Standard disclaimer applies -- the glyph presented here is by no means normative. U0101 is the Unicode value (= 101 hexadecimal).

Decimal

Decimal representation of the Unicode value that can be used e.g. in HTML 4.

UTF-8

UTF-8 representation of the Unicode value that can be used e.g. in HTML 4. You can see the result if you change the document encoding to UTF-8. Netscape users: View - Character set - Unicode (UTF-8). Font support is also needed so don't be surprised if an hollow box is displayed for many characters.

Name

Glyph names as currently defined in the Unicode standard (UnicodeData-Latest.txt).

Old name

Deprecated names as currently defined in the Unicode standard (UnicodeData-Latest.txt).

Adobe glyph name

Glyph names as currently defined in the Adobe Glyph List. This name is used in PostScript. Be sure to read Unicode and Glyph Names.

Mnemonic name

Mnemonic representation as currently defined in mnemonic,ds. Mainly used in POSIX environment to define mapping tables, collating rules etc. Enclosing <angle brackets> are not part of the name.

Character sets

ftp://ftp.unicode.org/Public/MAPPINGS/VENDORS/MICSFT/ Mapping tables for various character sets can be found in subdirectories. The bracketed hexadecimal number atfer the set corresponds to the character's code position in this set.

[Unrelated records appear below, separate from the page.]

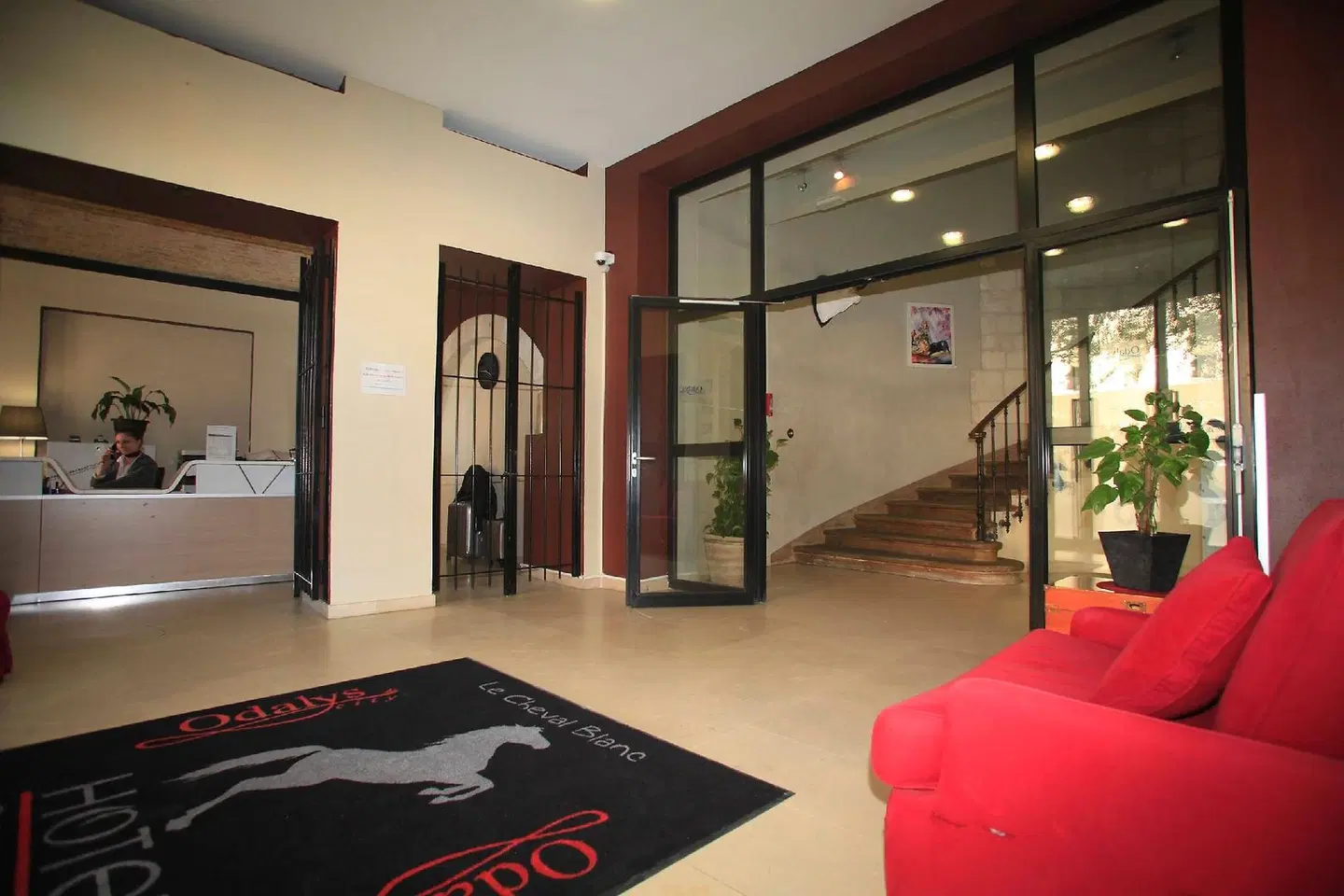 Le Cheval Blanc ROOM_EXAMPLE
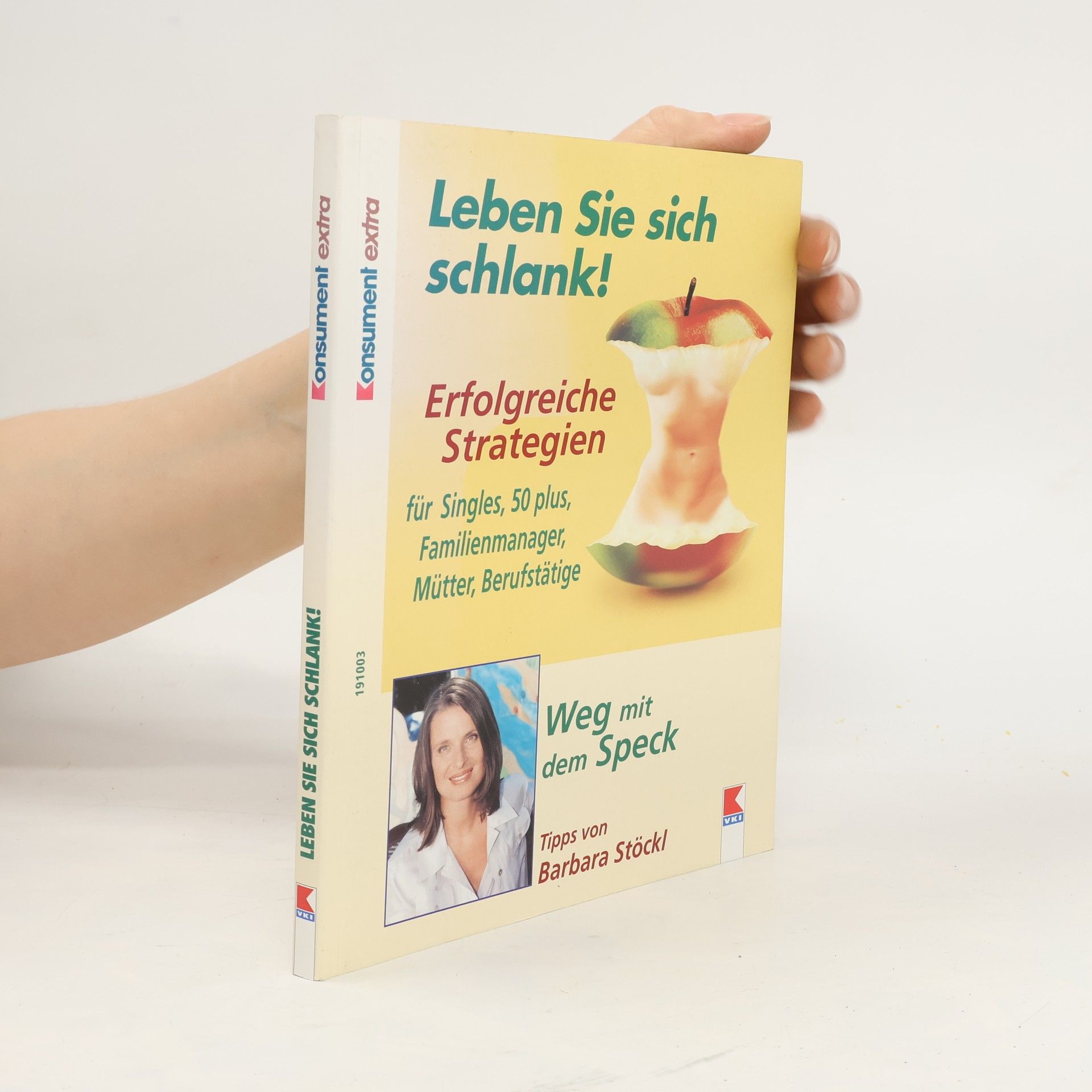 Autorenkollektiv Leben Sie sich schlank!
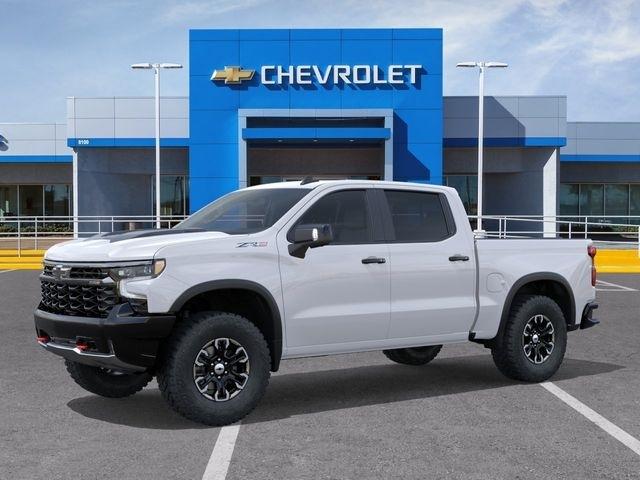 Chevrolet Silverado 1500 ZR2 Crew Cab 4WD 2026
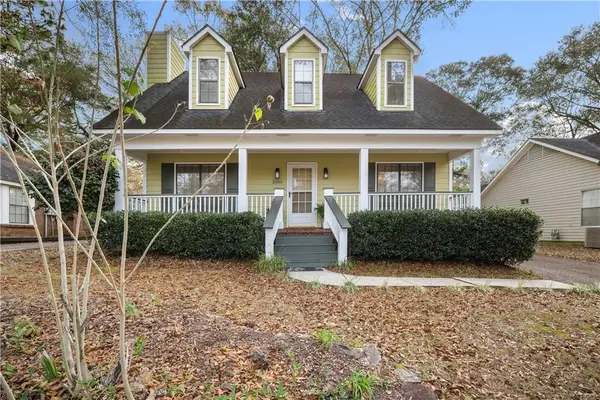 3005 Autumn Ridge Drive W, Mobile, AL 36695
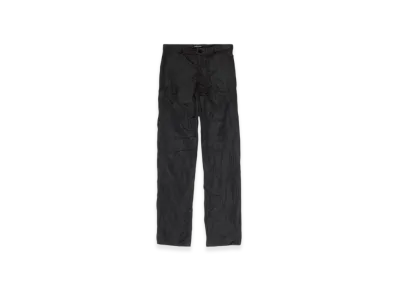 BALENCIAGA Packable Pants "Black"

Category, combining, decomposition info, comment, upper/lowercase

Various categories as currently defined in the Unicode standard. Source UnicodeData-Latest.txt. Explanations about these fields can be found in ReadMe-Latest.txt.

Decomposition info is shown only if present. In this example, LATIN SMALL LETTER A WITH MACRON can be decomposed into 0061 (LATIN SMALL LETTER A) and 0304 (COMBINING MACRON). Note that some parts may be decomposed further and the full decomposition requires a recursive algorithm.

In addition to the Unicode comment field some characters may be provided with an additional "note"-field.

The upper case equivalent for the LATIN SMALL LETTER A WITH MACRON is 0100 (LATIN SMALL LETTER A WITH MACRON). A few exceptions to the common upper-lowercase behaviour of the Latin and Cyrillic scripts are

Ligatures are decomposed in the upper case (e.g. ligature ff > FF)
German ß is uppercased as SS
Uppercase is not precomposed (e.g. small n preceded with apostrophe > 'N)
Dotted i - dotless I pair is not used in Turkish and Azerbaijani where separate pairs of dotless (U0131 - U0049) and dotted (U0069 - U0130) i-s are used.

Not all fields defined by Unicode are shown and used by Letter Database.